Graduate Courses

The following are the 2018/19 graduate courses offered at the Institute for Gender, Race, Sexuality and Social Justice. Scroll down for course descriptions.

Winter 2019/20

   
GRSJ 500

GRSJ 500 (3): Intersectional Issues in Social Justice and Equality Studies
Term 1-2

A two-term seminar organized around the bi-weekly Wednesday Lecture Series, readings, discussions and faculty seminars.

Required for first year MA and PhD students.

Instructor: Dr. Dina Al-Kassim
GRSJ 501

GRSJ 501 (3): Issues in Decolonizing and Feminist Methodologies
Term 2

This course aims to stimulate discussion around decolonizing feminist social research methodologies by examining alternative (research) practices in the social sciences, humanities and applied fields (e.g. planning, education, environment and natural resources, health, social work, etc.) that lead towards respectful, reciprocal and responsible dialogues in (re)producing and (re)generating knowledge and action. Learners will be tackling issues in decolonizing and feminist research methodologies by questioning as well as redressing common disciplinary, cisnormative and heteronormative assumptions around knowledge, knowledge production and distribution -- examining whose knowledge and what forms of knowledge bases matter, how these knowledge bases are acquired and disseminated as we search for more complex, nuanced, and diverse ways of dealing with research problems/issues, ethics and methods from feminist, anti-colonial and indigenous perspectives.

Required for first year MA and PhD students.

Instructor: Dr. Becki Ross
GRSJ 502

GRSJ 502 (3): Issues in Gender, Sexuality and Critical Race Theories
Term 1

Introduces students to key issues at the intersection of Queer, Trans, Feminist and Critical Race Theories. We will examine a variety of cultural texts (eg, fiction, film) and new models of academic and cultural engagement with a radical democratic politics. Required for first year MA and PhD students.
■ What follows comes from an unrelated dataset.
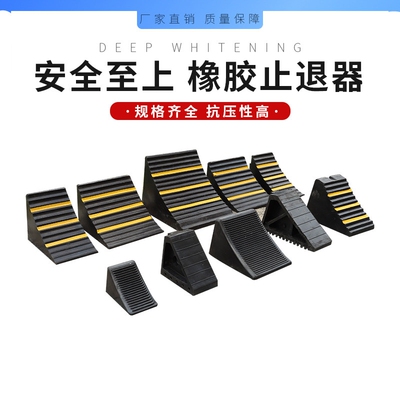 上首16cm上坡爬坡垫止退器15cm路沿坡马路牙子台阶挡车器倒车垫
Instructor: Dr. Denise Ferreira da Silva
GRSJ 515A

GRSJ 515A (3): Critical and Creative Social Justice Studies Seminars
Term 2

The potential of creative work to disrupt ingrained ideas and representations by appealing to the senses. Study and engage with academics, artists, and activists interested in how art contributes to critical and engaged social justice work.

Instructor: TBA
GRSJ 511

GRSJ 511 (3): Difficult Knowledge: Ethics and Praxis of Research in Challenging Settings
Term 2

During and in the aftermaths of mass violence, including genocide, war, displacement, state repression, slavery and disaster, questions of who is responsible and why, arise. What are the causes and consequences of mass violence? Who defines this and who is silenced? How is violence remembered and by whom? How do we listen to loss and foster an ethics of responsibility? These questions are not limited to public debate, nor the purview of state commissions, inquires and interventions. They become central to how we learn about history, a sense of who we are, and how we relate to one another. They are also profoundly imbricated in how we craft and shape research projects and engage with knowledge production.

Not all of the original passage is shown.